- Records for this task:
━━━━━━━━

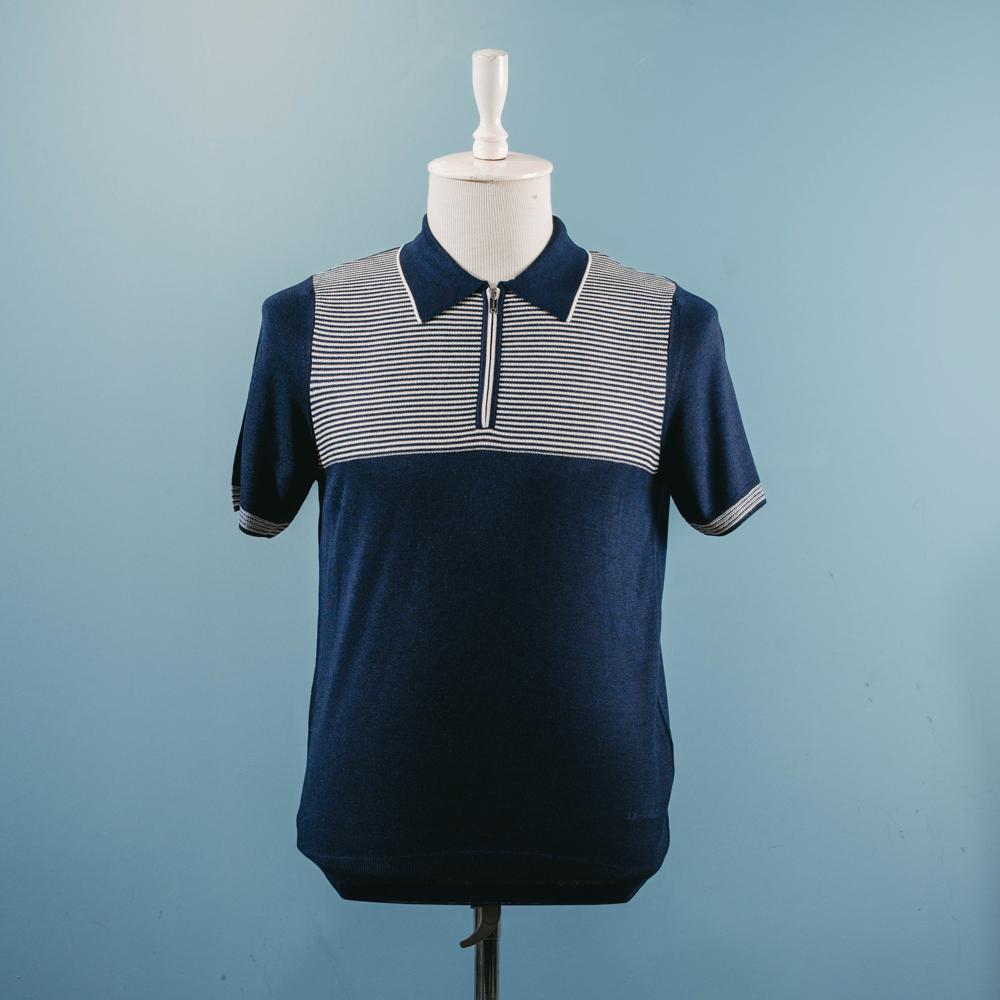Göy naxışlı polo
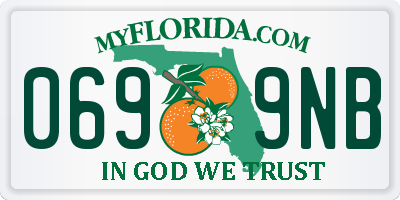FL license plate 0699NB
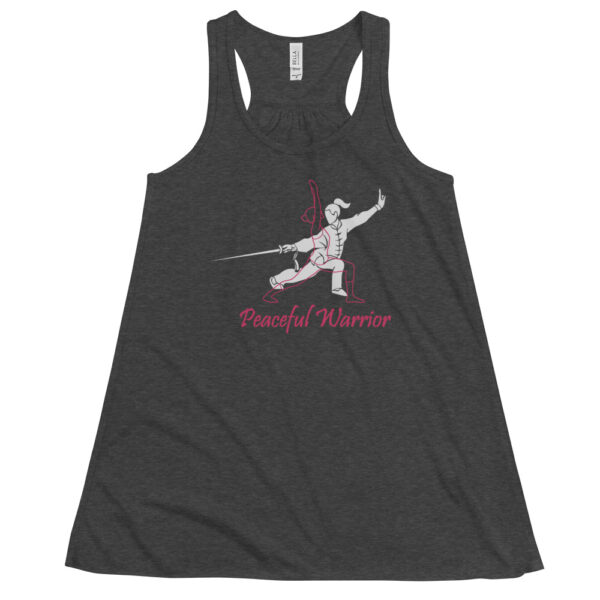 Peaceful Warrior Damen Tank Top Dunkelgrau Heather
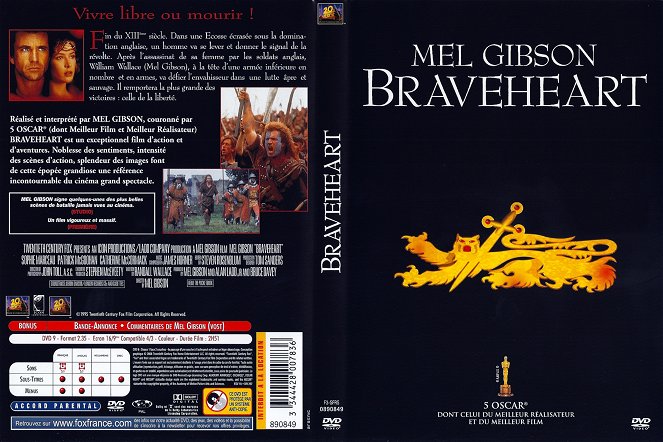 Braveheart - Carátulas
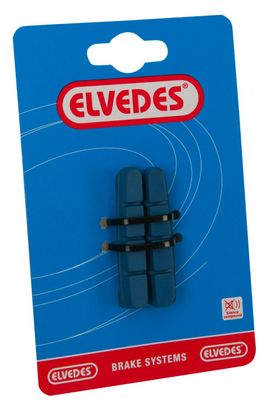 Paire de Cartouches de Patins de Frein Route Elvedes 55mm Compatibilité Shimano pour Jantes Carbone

━━━━━━━━

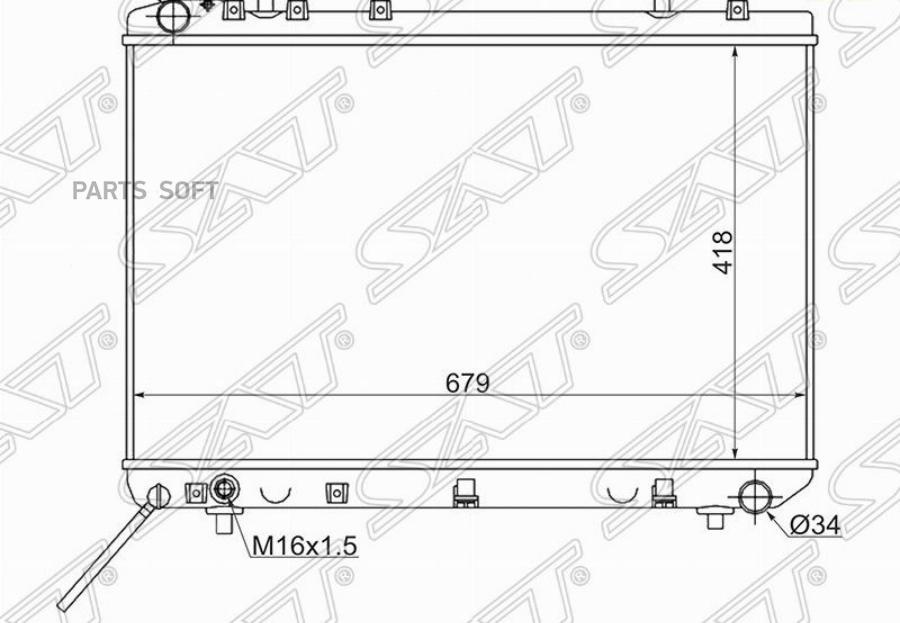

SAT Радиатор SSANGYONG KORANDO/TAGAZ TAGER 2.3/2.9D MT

━━━━━━━━

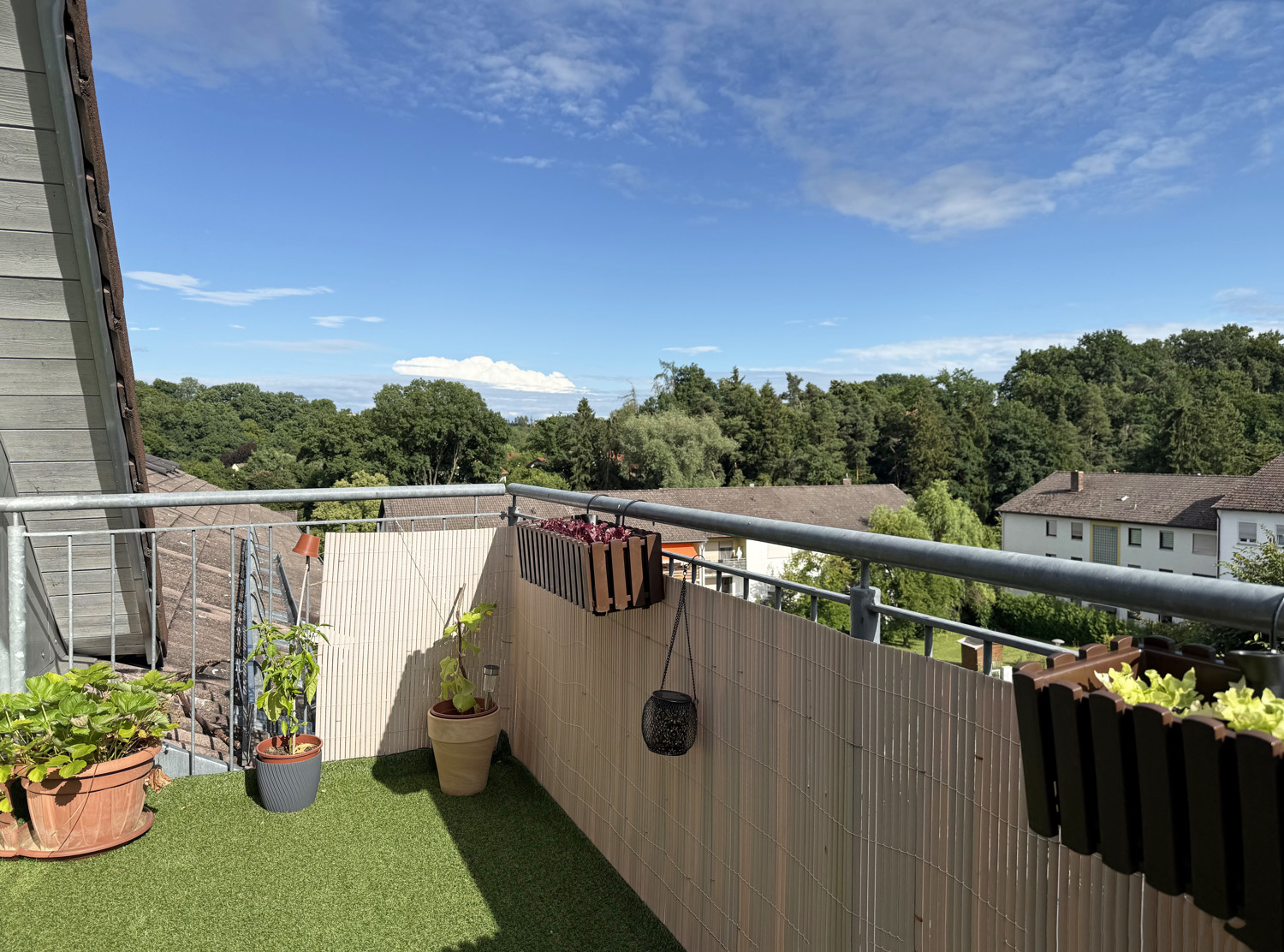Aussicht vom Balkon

━━━━━━━━

- Aim of the task: Everything from the line above that contains "Göy naxışlı polo" down to the line that contains "Paire de Cartouches" must be reproduced exactly, both ends included. Omit the pictures.

- Completed task:
Göy naxışlı polo
FL license plate 0699NB
 Peaceful Warrior Damen Tank Top Dunkelgrau Heather
 Braveheart - Carátulas
 Paire de Cartouches de Patins de Frein Route Elvedes 55mm Compatibilité Shimano pour Jantes Carbone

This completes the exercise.